We implemented our new API by modifying Digital UNIX V4.0D. We started with our improved select() implementation , reusing some data structures and support functions from that effort. This also allows us to measure our new API against the best known select() implementation without varying anything else. Our current implementation works only for sockets, but could be extended to other descriptor types. (References below to the ``protocol stack'' would then include file system and device driver code.)
For the new API, we added about 650 lines of code. The get_next_event() call required about 320 lines, declare_interest() required 150, and the remainder covers changes to protocol code and support functions. In contrast, our previous modifications to select() added about 1200 lines, of which we reused about 100 lines in implementing the new API.
For each application thread, our code maintains four data structures. These include INTERESTED.read, INTERESTED.write, and INTERESTED.except, the sets of descriptors designated via declare_interest() as ``interesting'' for reading, writing, and exceptions, respectively. The other is HINTS, a FIFO queue of events posted by the protocol stack for the thread.
A thread's first call to declare_interest() causes creation of its INTERESTED sets; the sets are resized as necessary when descriptors are added. The HINTS queue is created upon thread creation. All four sets are destroyed when the thread exits. When a descriptor is closed, it is automatically removed from all relevant INTERESTED sets.
Figure 4 shows the kernel data structures for an example in which a thread has declared read interest in descriptors 1 and 4, and write interest in descriptor 0. The three INTERESTED sets are shown here as one-byte bitmaps, because the thread has not declared interest in any higher-numbered descriptors. In this example, the HINTS queue for the thread records three pending events, one each for descriptors 1, 0, and 4.
A call to declare_interest() also adds an element to the corresponding socket's ``reverse-mapping'' list; this element includes both a pointer to the thread and the descriptor's index number. Figure 5 shows the kernel data structures for an example in which Process 1 and Process 2 hold references to Socket A via file descriptors 2 and 4, respectively. Two threads of Process 1 and one thread of Process 2 are interested in Socket A, so the reverse-mapping list associated with the socket has pointers to all three threads.

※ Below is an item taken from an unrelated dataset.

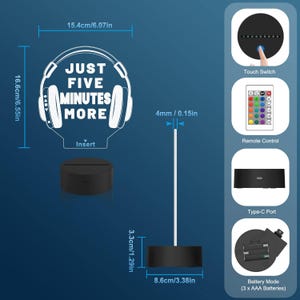 May include: A white acrylic night light with the text "Just Five Minutes More" and a headphone graphic. The light has a black base and comes with a remote control and a USB charging cable. It can also be powered by three AAA batteries.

When the protocol code processes an event (such as data arrival) for a socket, it checks the reverse-mapping list. For each thread on the list, if the index number is found in the thread's relevant INTERESTED set, then a notification element is added to the thread's HINTS queue.

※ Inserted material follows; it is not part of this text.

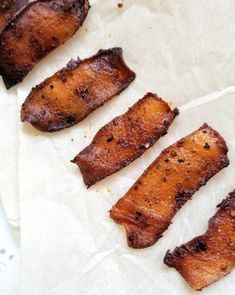 four pieces of meat sitting on top of a piece of wax paper next to each other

To avoid the overhead of adding and deleting the reverse-mapping lists too often, we never remove a reverse-mapping item until the descriptor is closed. This means that the list is updated at most once per descriptor lifetime. It does add some slight per-event overhead for a socket while a thread has revoked its interest in that descriptor; we believe this is negligible.
We attempt to coalesce multiple event notifications for a single descriptor. We use another per-thread bitmap, indexed by file descriptor number, to note that the HINTS queue contains a pending element for the descriptor. The protocol code tests and sets these bitmap entries; they are cleared once get_next_event() has delivered the corresponding notification. Thus, N events on a socket between calls to get_next_event() lead to just one notification.
Each call to get_next_event(), unless it times out, dequeues one or more notification elements from the HINTS queue in FIFO order. However, the HINTS queue has a size limit; if it overflows, we discard it and deliver events in descriptor order, using a linear search of the INTERESTED sets - we would rather deliver things in the wrong order than block progress. This policy could lead to starvation, if the array_max parameter to get_next_event() is less than the number of descriptors, and may need revision.
We note that there are other possible implementations for the new API. For example, one of the anonymous reviewers suggested using a linked list for the per-thread queue of pending events, reserving space for one list element in each socket data structure. This approach seems to have several advantages when the SO_WAKEUP_ONE option is set, but might not be feasible when each event is delivered to multiple threads.